I think my reaction springs from similar experiences to yours; I grew up the village atheist in a very small Midwestern town.
#27 Susan: When I watch him speak on video, my reaction ranges from baffled incomprehension of all the fuss to actual gut-level aversion. It is, in fact, similar to my reaction to people who preach religion at me - I see a kind of magical thinking that I just don't get, and which actively repels me when pushed too hard.
Yes. That.
I don't know how to argue against magical thinking; there doesn't seem to be a way to do it except to be magical oneself-- to have charisma. I feel more comfortable with cynical allies who hold cynical positions, whether I agree with them or not, because I trust my ability to argue my case with them. Magical thinkers unnerve me even when I agree with them, because I have no charisma of my own, no way to get at the roots of their beliefs, and no recourse if those beliefs change into something dangerous to me.

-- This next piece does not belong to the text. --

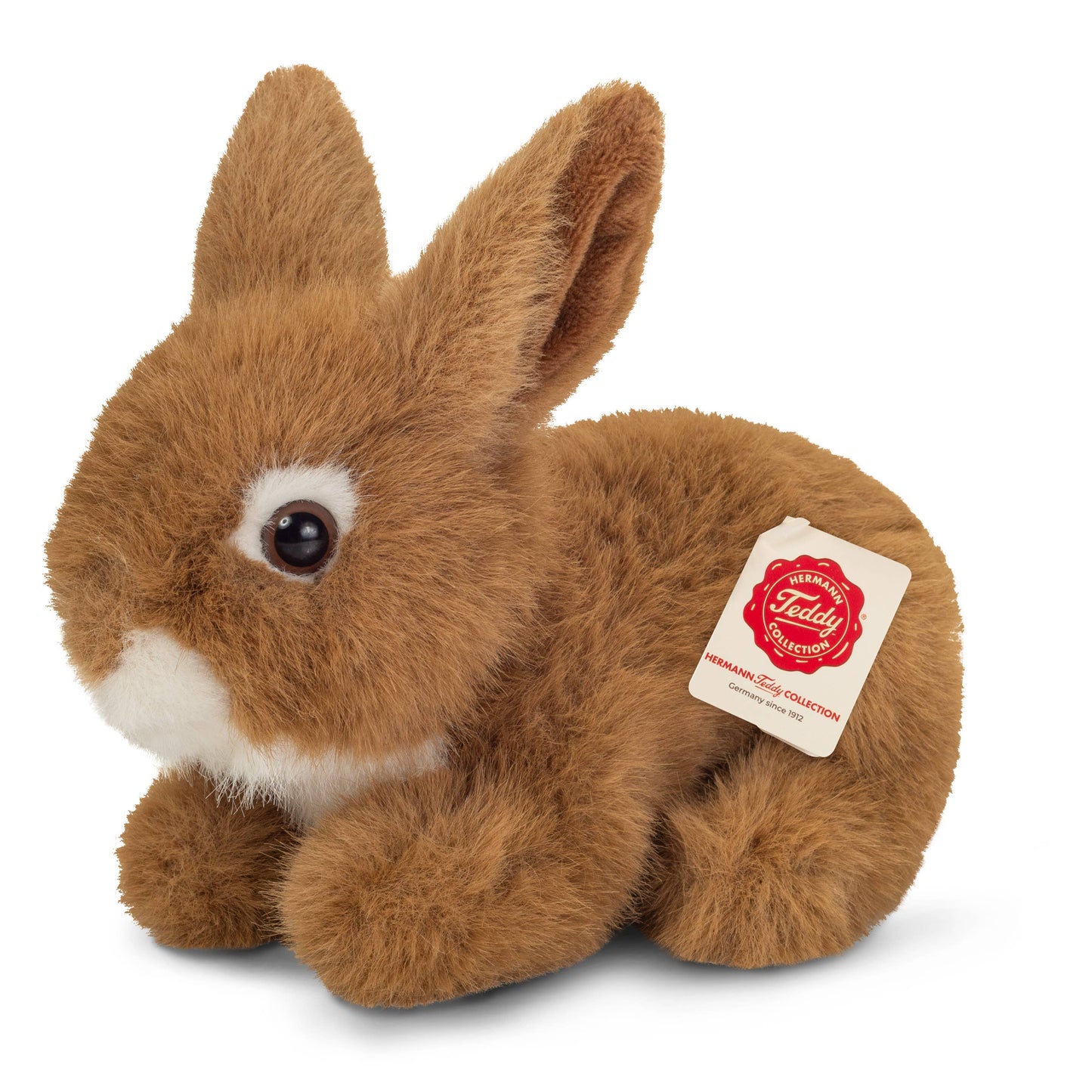 lebre castanha de peluche sentada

Ana Feruglio Dal Dan #30:And what is it with this demonization of Pre-Socratic philosophies anyway?
I'm with you on this one. I see Cynicism as a virtue. Its bastard child "cynicism" has less appeal, but that position has more to do with lazy reasoning than with a philosophical stance.
Just one quibble, though. The Cynics came after Socrates. In fact, the first Cynic, Antisthenes, was allegedly a pupil of Socrates.

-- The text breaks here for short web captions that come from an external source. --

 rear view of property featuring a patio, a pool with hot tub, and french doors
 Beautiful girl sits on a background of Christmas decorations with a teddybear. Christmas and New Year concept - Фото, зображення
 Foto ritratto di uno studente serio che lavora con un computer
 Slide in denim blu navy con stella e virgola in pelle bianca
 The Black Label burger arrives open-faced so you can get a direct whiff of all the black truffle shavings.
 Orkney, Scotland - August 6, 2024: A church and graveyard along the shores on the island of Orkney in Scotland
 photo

I'm out to restore the good name of Cynics everywhere. Woof.
I devoutly hope that my phrasing in #60 didn't give the impression that I don't think of Latinos as Americans. This is not the case at all. My sentence structure just got away from me.
One issue with charisma that seems worth noting is its tendency to overshadow any other competing capabilities and talents--particularly in political contests. Intelligence, capability, competence, common sense, responsibility--these (and so many others) are all crucial things for a leader to have...but when charisma is in the room, these quieter characteristics get ignored. That's what charisma is. That's what it does.
I'm as sucked in by the charismatic as anyone. Hell, I have my job, in part, because I can muster a certain amount of it myself (when I'm not hugely pregnant and even more hugely crabby). But I'm suspicious of it as well...because I know it makes me miss important things while I'm blinded by sparkle, and I know that I've found it a useful tool to make other people miss stuff when necessary.
None of this is to say that I think there's no substance beneath Obama's charisma. I think there's plenty. It's just to say that, as a general rule for voting, dating, hiring, or whatever, when faced with such strong stuff it's probably not a bad idea to put on sunglasses and make sure that we know what else is there.
I'm having a hard time separating the "charisma is untrustworthy" points from "you must never vote for a politician that you like".
What is charisma? I'm assured that Reagan had it. I didn't like Reagan, though I was still just an unruly teenager at the end of his term. I feel no attraction when I hear is speeches today.
I'm told that George W. Bush has charisma, and that he's the kind of man that you can have a beer with. I can't listen to him speak three words without wanting to dump a glass of beer on his head, and I've had that visceral reaction since the first time I saw him on television.
When I hear Obama speak, I feel inspired. Is that because he has charisma that does an end run around my critical thinking abilities? I'd like to think that it's because I like what he has to say.
Is there some disconnect between what he says and what he does that I'm unaware of? Because when I look at his record (as described in that post of Hilzoy's, for example), I don't see it.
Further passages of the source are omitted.